Correct me if I'm wrong, but Metallica's One was before Cowboys from Hell wasn't it?


----------



## Nile (Dec 26, 2012)

Marv Attaxx said:


> First breakdown I've ever heard was Korn's "Somebody Someone" in 1999
> While they didn't have the first breakdown I think they've started the whole bassdrop-thing back in the days with follow the leader



This, actually, has quite a merit to it. Probably true that they were the first to start doing bass drops. And man do I love them.


----------



## Joose (Dec 27, 2012)

mattofvengeance said:


> More importantly, who the fuck cares?



Lots of people.


----------



## Nykur_Myrkvi (Dec 27, 2012)

Floppystrings said:


> 2:16
> 
> People say New York hardcore was the first, but I haven't heard anything that I would really call a breakdown.



Came in here to post this.


----------



## FinnBehemoth (Dec 27, 2012)

Wasn't Suffocation one of the first band to have breakdowns?


----------



## Xaios (Dec 27, 2012)

jehu12141987 said:


> I have heard the rumor that In Flames invented the "Hardcore" sound, so maybe with a little digging, you could find something in their back story?



Uh, no.

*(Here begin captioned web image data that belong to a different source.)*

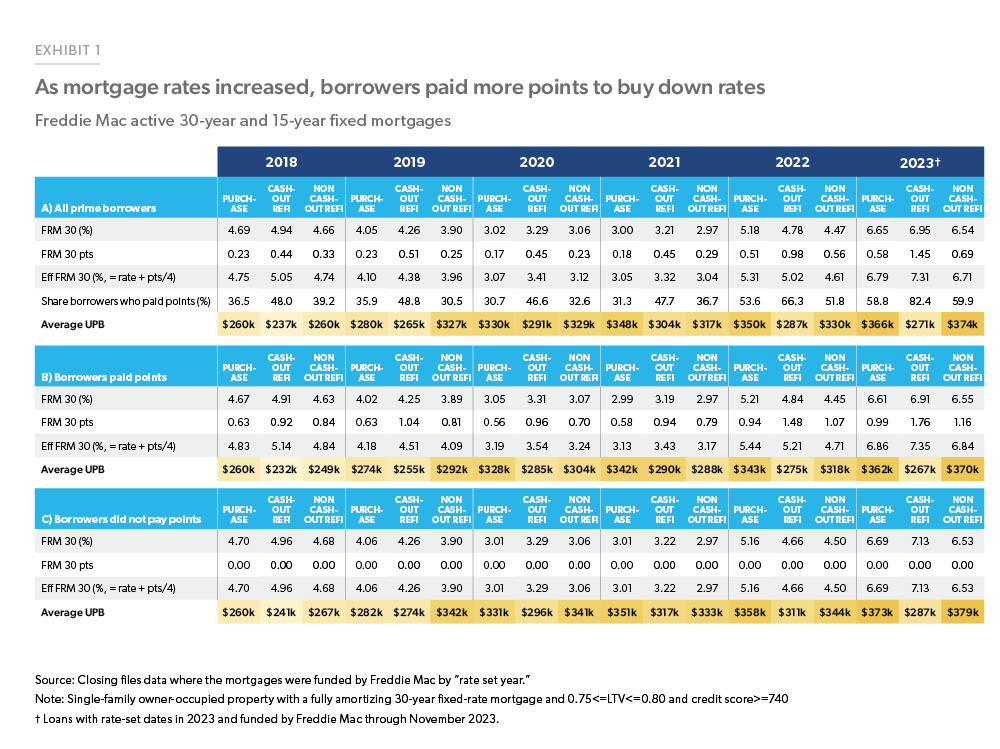 As mortgage rates increased, borrowers paid more points to buy down rates - The table shows several statistics, including mortgage rates, borrower-paid discount points, and the percentage of borrowers who paid points, for loans closed between 2018 and 2023. The stats are divided by purchase, cash-out refinance, and non cash-out refinance.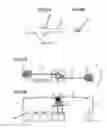 Fig. 05 - Multi-stage coil for transformer, and coil winding method and apparatus for manufacturing the same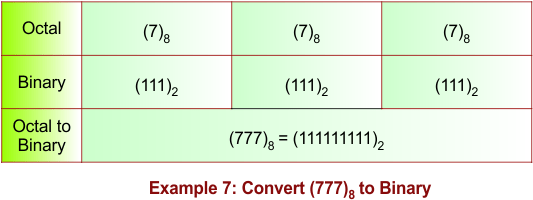 Octal to Binary Conversion Example 7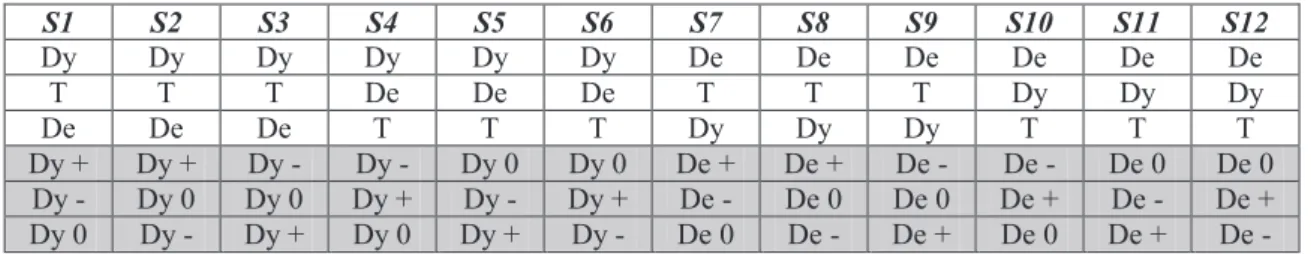 Figure 4: Experimental design. Si = participant number; De = deductive task; Dy = dynamic task; T = target-hitting  task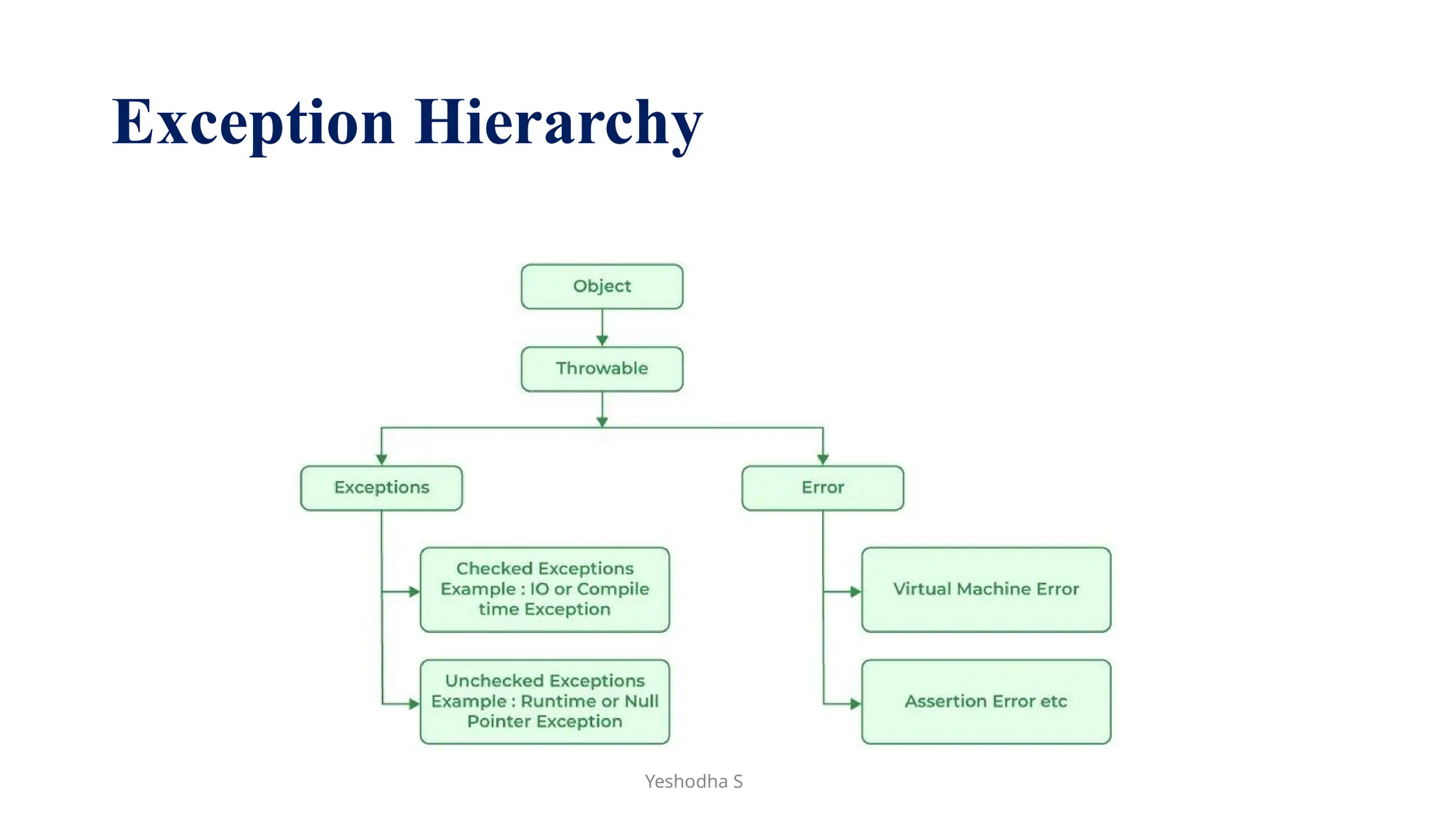 Exception Hierarchy
Yeshodha S
 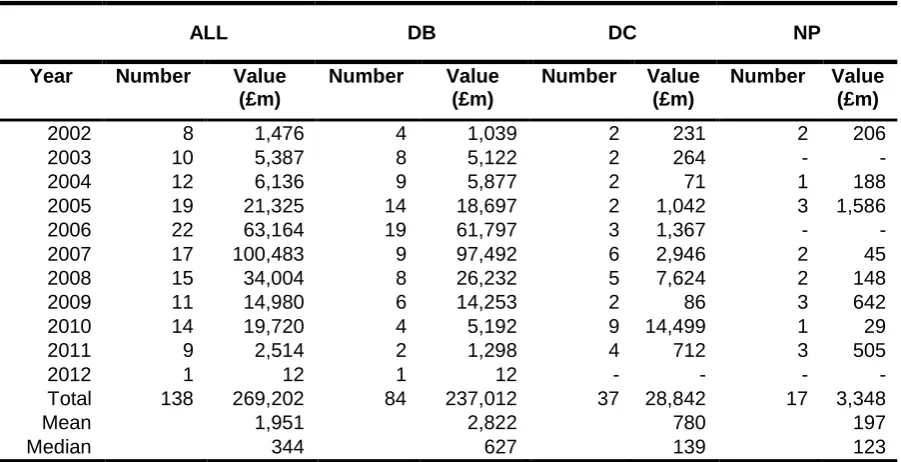 Figure 4: Number and value of takeover bids by year and pension scheme of target 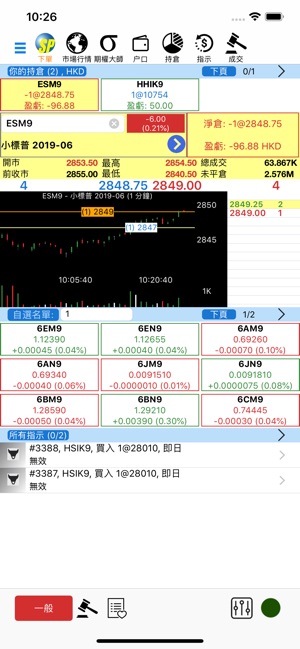 SPTrader Pro HD(圖4)-速報App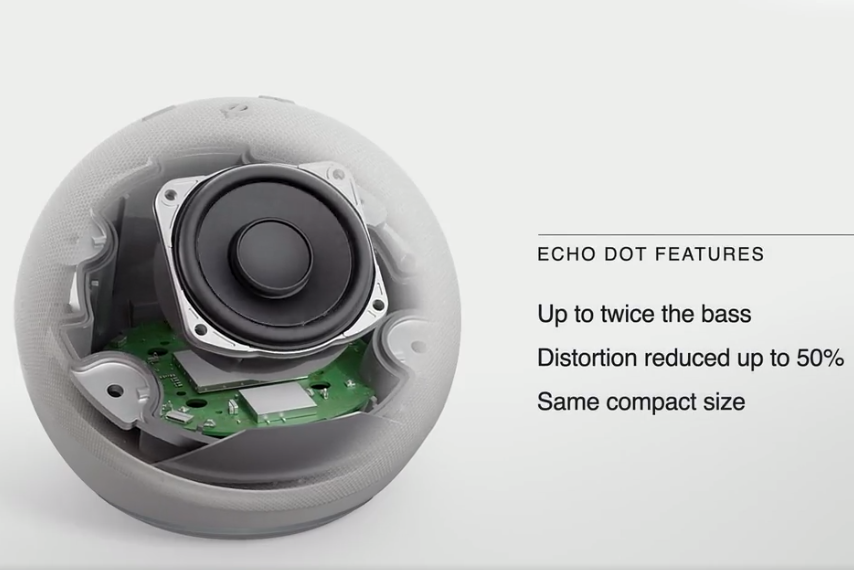 Echo Dot Lautsprecher der 5. Generation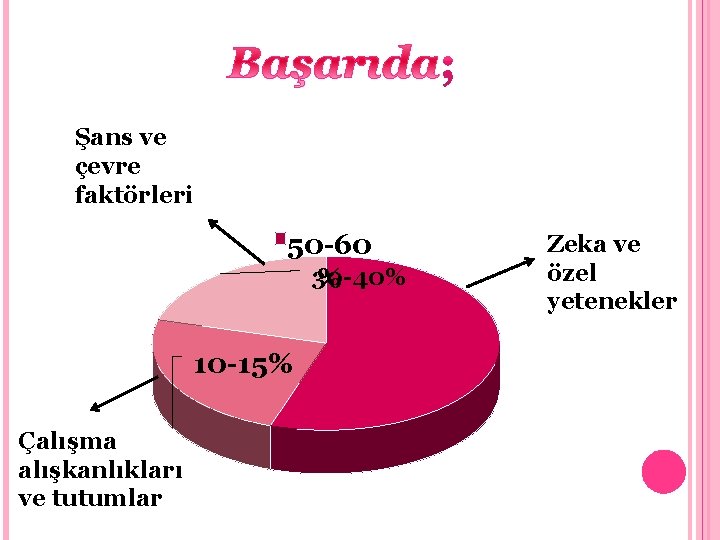 Şans ve çevre faktörleri 50 -60 30 -40% % 10 -15% Çalışma alışkanlıkları ve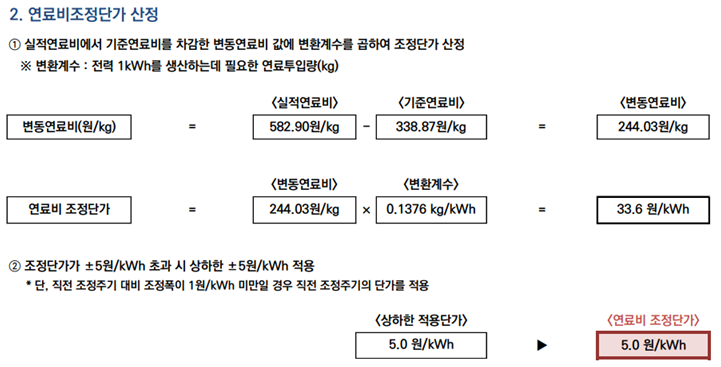연료비조정단가 산정. (자료=한전)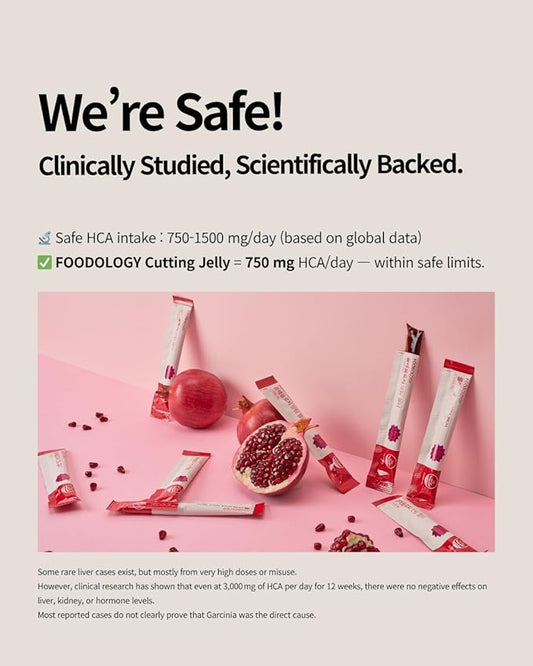 FOODOLOGY Coleology Cutting Jelly (10 Days) - Garcinia Cambogia (HCA) Jelly Sticks. Delicious Pomegranate Flavored. Chia Seeds, Collagen.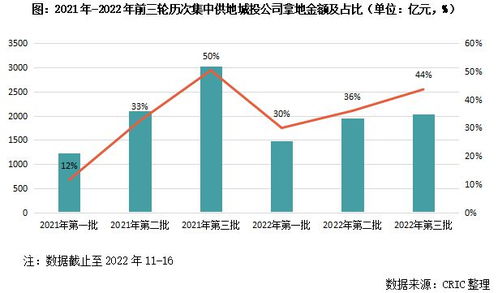 央企国企不再热衷拿地，市场趋势下的新动向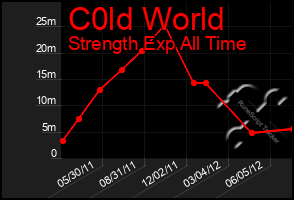 Total Graph of C0ld World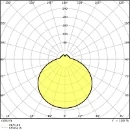 Ledvance Surface Circular LED wand- en plafondarmatuur 3000K 1440lm 350mm Ø350mm bewegingssensor lichtsensor Steekklem wit 4099854042096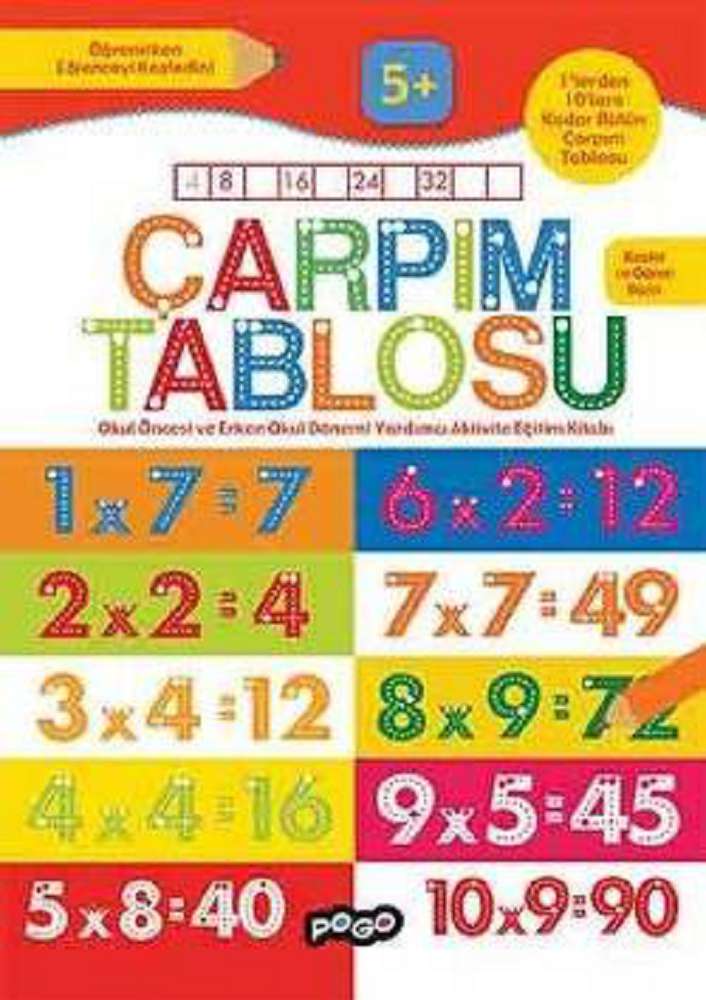 Ürün Resmi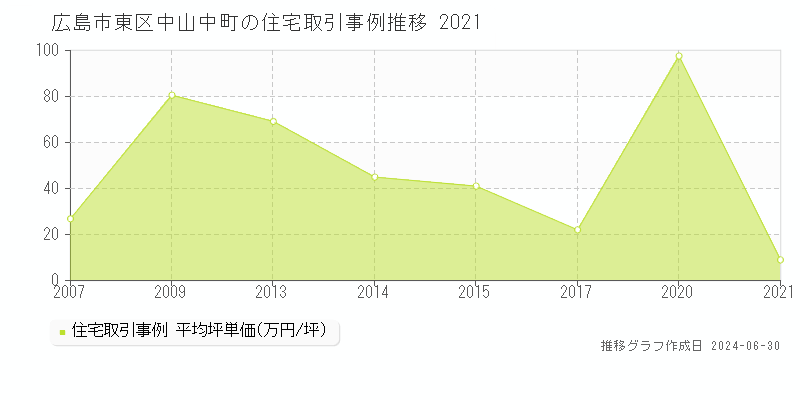 広島市東区中山中町の住宅取引事例推移グラフ 
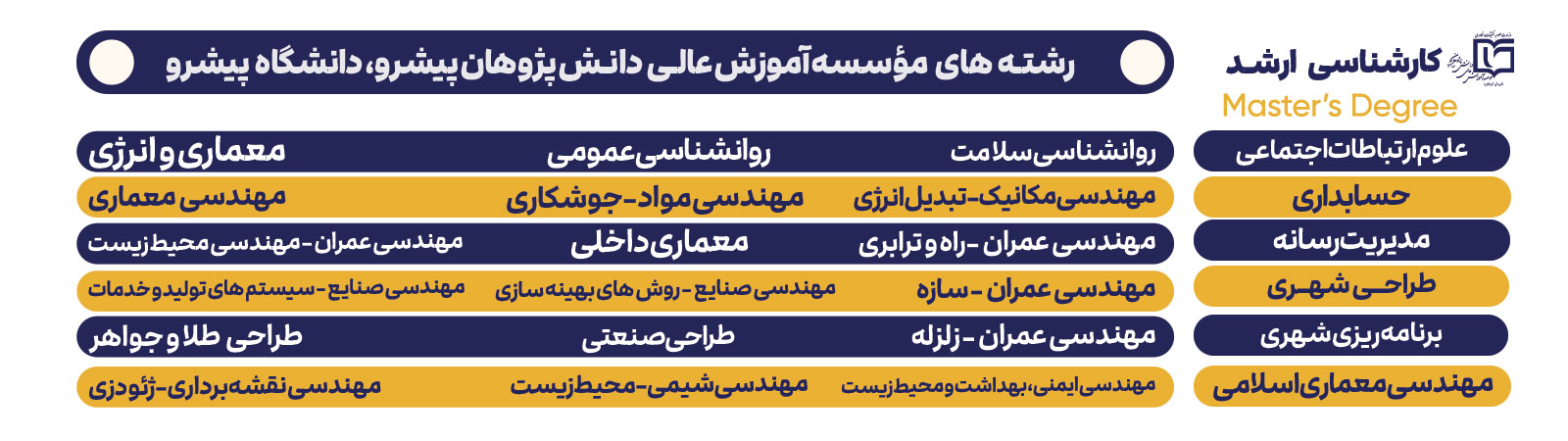 رشته روان‌شناسی سلامت در مقطع کارشناسی ارشد راه‌اندازی شد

Hardcore has been around since the 70s. In Flames wasn't a band until 1990. They had a big hand in crafting Melodic Death Metal, but had nothing to do with hardcore.


----------



## Xarn (Dec 27, 2012)

Black Sabbath is probably the originator of the slow heavy breakdownish riffs. Napalm Death and Slayer both had "breakdowns" as we know them pretty early on in their respective careers. Though I guess hardcore bands such as Agnostic Front, Sick of It all, Biohazard etc probably took off from what ND and Slayer started and then coined the term "breakdown".


----------